Repeat each entry below without omitting a single word.

RECORDS SHOWN below:

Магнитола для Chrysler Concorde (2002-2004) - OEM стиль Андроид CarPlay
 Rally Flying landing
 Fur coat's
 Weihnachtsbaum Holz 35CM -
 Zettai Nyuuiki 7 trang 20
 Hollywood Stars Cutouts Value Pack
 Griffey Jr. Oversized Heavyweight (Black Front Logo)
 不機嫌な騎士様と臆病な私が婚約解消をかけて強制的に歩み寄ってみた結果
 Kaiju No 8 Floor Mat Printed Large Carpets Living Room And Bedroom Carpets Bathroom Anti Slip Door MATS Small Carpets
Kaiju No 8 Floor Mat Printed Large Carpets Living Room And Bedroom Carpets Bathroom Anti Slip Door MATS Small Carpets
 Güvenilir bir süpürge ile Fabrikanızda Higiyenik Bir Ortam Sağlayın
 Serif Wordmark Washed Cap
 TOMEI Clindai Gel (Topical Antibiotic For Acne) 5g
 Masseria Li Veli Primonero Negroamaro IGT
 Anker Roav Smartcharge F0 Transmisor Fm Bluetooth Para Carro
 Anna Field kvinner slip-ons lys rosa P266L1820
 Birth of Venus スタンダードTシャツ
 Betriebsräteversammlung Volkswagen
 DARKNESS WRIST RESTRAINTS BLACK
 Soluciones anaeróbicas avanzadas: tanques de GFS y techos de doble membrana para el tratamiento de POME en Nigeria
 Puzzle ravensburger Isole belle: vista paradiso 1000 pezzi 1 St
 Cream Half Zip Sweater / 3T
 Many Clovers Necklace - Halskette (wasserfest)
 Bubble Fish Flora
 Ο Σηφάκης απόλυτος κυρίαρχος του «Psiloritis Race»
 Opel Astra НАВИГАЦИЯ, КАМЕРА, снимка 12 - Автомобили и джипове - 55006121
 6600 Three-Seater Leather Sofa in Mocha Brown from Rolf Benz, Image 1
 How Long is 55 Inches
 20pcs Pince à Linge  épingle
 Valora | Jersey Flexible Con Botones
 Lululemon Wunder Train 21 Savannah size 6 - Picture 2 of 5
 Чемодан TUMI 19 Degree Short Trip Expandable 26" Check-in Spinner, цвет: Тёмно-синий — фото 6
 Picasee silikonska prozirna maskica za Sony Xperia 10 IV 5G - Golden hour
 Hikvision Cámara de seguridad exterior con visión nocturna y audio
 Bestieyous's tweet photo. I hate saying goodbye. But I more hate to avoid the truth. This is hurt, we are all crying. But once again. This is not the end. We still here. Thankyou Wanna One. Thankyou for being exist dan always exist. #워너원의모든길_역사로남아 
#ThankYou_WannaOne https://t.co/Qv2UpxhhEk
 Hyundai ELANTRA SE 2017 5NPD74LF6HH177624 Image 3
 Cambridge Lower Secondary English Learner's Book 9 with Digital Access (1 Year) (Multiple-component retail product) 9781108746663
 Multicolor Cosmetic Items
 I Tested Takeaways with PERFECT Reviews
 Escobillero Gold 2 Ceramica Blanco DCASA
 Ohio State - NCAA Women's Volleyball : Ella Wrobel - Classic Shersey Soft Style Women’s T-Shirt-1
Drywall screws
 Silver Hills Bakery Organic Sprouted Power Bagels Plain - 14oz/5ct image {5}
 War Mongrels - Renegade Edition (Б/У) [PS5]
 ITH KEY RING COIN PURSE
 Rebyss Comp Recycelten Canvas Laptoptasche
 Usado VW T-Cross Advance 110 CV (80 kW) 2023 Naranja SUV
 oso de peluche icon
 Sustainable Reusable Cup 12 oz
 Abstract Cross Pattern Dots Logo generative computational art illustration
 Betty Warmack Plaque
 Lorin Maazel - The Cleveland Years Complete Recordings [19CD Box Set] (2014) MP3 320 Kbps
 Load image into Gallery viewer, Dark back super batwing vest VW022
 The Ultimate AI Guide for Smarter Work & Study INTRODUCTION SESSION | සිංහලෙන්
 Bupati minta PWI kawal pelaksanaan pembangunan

End of RECORDS SHOWN.

■ **EXERCISE OUTPUT**
Магнитола для Chrysler Concorde (2002-2004) - OEM стиль Андроид CarPlay
 Rally Flying landing
 Fur coat's
 Weihnachtsbaum Holz 35CM -
 Zettai Nyuuiki 7 trang 20
 Hollywood Stars Cutouts Value Pack
 Griffey Jr. Oversized Heavyweight (Black Front Logo)
 不機嫌な騎士様と臆病な私が婚約解消をかけて強制的に歩み寄ってみた結果
 Kaiju No 8 Floor Mat Printed Large Carpets Living Room And Bedroom Carpets Bathroom Anti Slip Door MATS Small Carpets
Kaiju No 8 Floor Mat Printed Large Carpets Living Room And Bedroom Carpets Bathroom Anti Slip Door MATS Small Carpets
 Güvenilir bir süpürge ile Fabrikanızda Higiyenik Bir Ortam Sağlayın
 Serif Wordmark Washed Cap
 TOMEI Clindai Gel (Topical Antibiotic For Acne) 5g
 Masseria Li Veli Primonero Negroamaro IGT
 Anker Roav Smartcharge F0 Transmisor Fm Bluetooth Para Carro
 Anna Field kvinner slip-ons lys rosa P266L1820
 Birth of Venus スタンダードTシャツ
 Betriebsräteversammlung Volkswagen
 DARKNESS WRIST RESTRAINTS BLACK
 Soluciones anaeróbicas avanzadas: tanques de GFS y techos de doble membrana para el tratamiento de POME en Nigeria
 Puzzle ravensburger Isole belle: vista paradiso 1000 pezzi 1 St
 Cream Half Zip Sweater / 3T
 Many Clovers Necklace - Halskette (wasserfest)
 Bubble Fish Flora
 Ο Σηφάκης απόλυτος κυρίαρχος του «Psiloritis Race»
 Opel Astra НАВИГАЦИЯ, КАМЕРА, снимка 12 - Автомобили и джипове - 55006121
 6600 Three-Seater Leather Sofa in Mocha Brown from Rolf Benz, Image 1
 How Long is 55 Inches
 20pcs Pince à Linge  épingle
 Valora | Jersey Flexible Con Botones
 Lululemon Wunder Train 21 Savannah size 6 - Picture 2 of 5
 Чемодан TUMI 19 Degree Short Trip Expandable 26" Check-in Spinner, цвет: Тёмно-синий — фото 6
 Picasee silikonska prozirna maskica za Sony Xperia 10 IV 5G - Golden hour
 Hikvision Cámara de seguridad exterior con visión nocturna y audio
 Bestieyous's tweet photo. I hate saying goodbye. But I more hate to avoid the truth. This is hurt, we are all crying. But once again. This is not the end. We still here. Thankyou Wanna One. Thankyou for being exist dan always exist. #워너원의모든길_역사로남아 
#ThankYou_WannaOne https://t.co/Qv2UpxhhEk
 Hyundai ELANTRA SE 2017 5NPD74LF6HH177624 Image 3
 Cambridge Lower Secondary English Learner's Book 9 with Digital Access (1 Year) (Multiple-component retail product) 9781108746663
 Multicolor Cosmetic Items
 I Tested Takeaways with PERFECT Reviews
 Escobillero Gold 2 Ceramica Blanco DCASA
 Ohio State - NCAA Women's Volleyball : Ella Wrobel - Classic Shersey Soft Style Women’s T-Shirt-1
Drywall screws
 Silver Hills Bakery Organic Sprouted Power Bagels Plain - 14oz/5ct image {5}
 War Mongrels - Renegade Edition (Б/У) [PS5]
 ITH KEY RING COIN PURSE
 Rebyss Comp Recycelten Canvas Laptoptasche
 Usado VW T-Cross Advance 110 CV (80 kW) 2023 Naranja SUV
 oso de peluche icon
 Sustainable Reusable Cup 12 oz
 Abstract Cross Pattern Dots Logo generative computational art illustration
 Betty Warmack Plaque
 Lorin Maazel - The Cleveland Years Complete Recordings [19CD Box Set] (2014) MP3 320 Kbps
 Load image into Gallery viewer, Dark back super batwing vest VW022
 The Ultimate AI Guide for Smarter Work & Study INTRODUCTION SESSION | සිංහලෙන්
 Bupati minta PWI kawal pelaksanaan pembangunan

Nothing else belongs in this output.